Le diable de la porte des Allemands

Les travaux de restauration de la Porte des Allemands touchent à leur fin, l’inauguration est annoncée pour les 7 et 8 juin. Une première exposition présente et l’historique et l’architecture de la dernière conservée des douze portes que comptait la cité médiévale. Peu de gens connaissent cependant, illustrant la petite histoire de l’édifice, la cocasse mésaventure de quelques bourgeois qui prirent leur tour de garde à la porte, une certaine semaine, dans les dernières années du XVe siècle.

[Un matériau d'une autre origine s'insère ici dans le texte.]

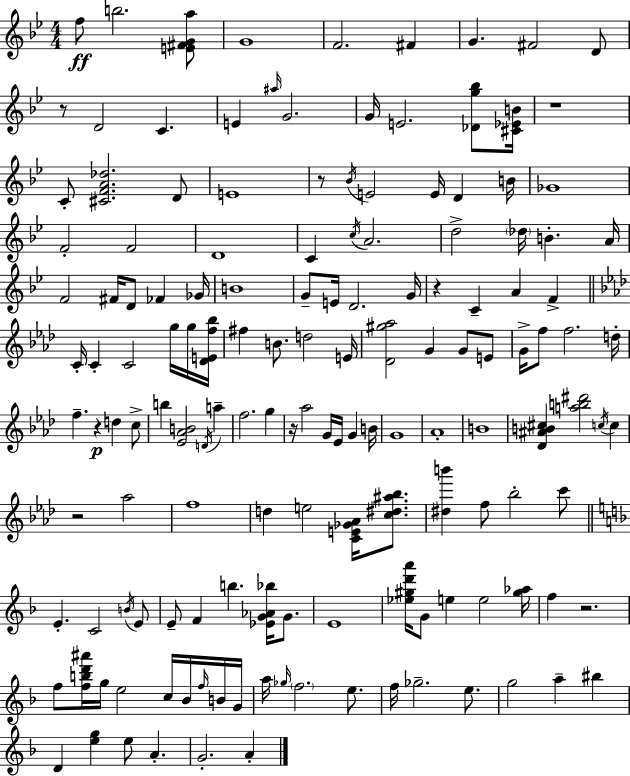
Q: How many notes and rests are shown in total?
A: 149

L’histoire est racontée par Philippe de Vigneulles, chroniqueur messin (1471-1527) et auteur, entre autres, des Cent nouvelles nouvelles conservées depuis 1973, dans un précieux manuscrit des premières années du XVIe siècle (Médiathèque Verlaine, Metz, ms 1562 ).

     Porte des Allemands vue du sud-est  etat en 1667 A. Bellevoye d'apres Israel Silvestre BM Metz      Porte des Allemands vue du sud-est  dessin de Jean Thiriot 1946 BM Metz

Il était alors de coutume que les gens de métiers comme le clergé des paroisses assurent, à tour de rôle, une semaine de présence (de garde ?) sur les tours et les portes de l’enceinte ; le châtelain de la porte des Allemands résolut de s’amuser un peu aux dépends d’un trio qui comptait en son sein le curé de Saint Gorgon (paroisse disparue en 1769, lors de la construction de l’aile sud de l’actuel hôtel de ville). Lors du souper, la conversation avait habilement été amenée, sur un mauvais esprit hantant la porte et accablant les gardiens de tous les maux du monde, puis chacun s’en fut coucher, d’aucuns assez peu rassurés. Le malicieux officier, dès que ses victimes se furent endormies, mena grand vacarme en faisant rouler des boulets de serpentine sur le plancher cimenté du grenier qui se trouvait juste au dessus d’eux « tellement qu’il sembloit que ce fust ung tonnoire ou ung deable qui retomboit en leur chambre, les occupants avoient tant grant peur qu’ils eussent voulus estre au ventre de leur mère ». On s’en tint là pour la nuit, mais tout au long du lendemain, chacun devisa de ce qui c’était passé. Le châtelain prenant un malin plaisir à les alarmer encore davantage en leur disant qu’ils n’avaient encore rien vu de la grande méchanceté de cet esprit, accoutumé notamment à arracher les couvertures des gardiens durant leur sommeil. La nuit vint, tous se retirèrent ; le châtelain qui avait pris soin auparavant de nouer une cordelette à la couverture du lit que devait occuper le clerc, retourna mener sa sarabande dans les greniers. Mais laissons ici poursuivre Philippe de Vigneulles : « Nous sommes tous perdus mes compaignons râlait le prêtre, cest esperit ne nous laissera point en paix » et chacun « de se musser dessoubz sa couverture et à grand peine pouvaient-ils parler, par la peur qu’ils avoient ». Le capitaine tout doucement commence à tirer la couverture du curé ; quand celui-ci sentit qu’on lui tirait la couverture et que ses compagnons étaient tous dans leur lit « il se mit à braire par telle manière, qu’il fut ouï par tout le château, hurlant à ses compagnons qu’on luy tiroit sa couverture, tous avoient si grant peur, qu’ils n’osoient bouger ne lever la tête et tous d’appeler le châtelain que, Pour Dieu, il venist à eux. »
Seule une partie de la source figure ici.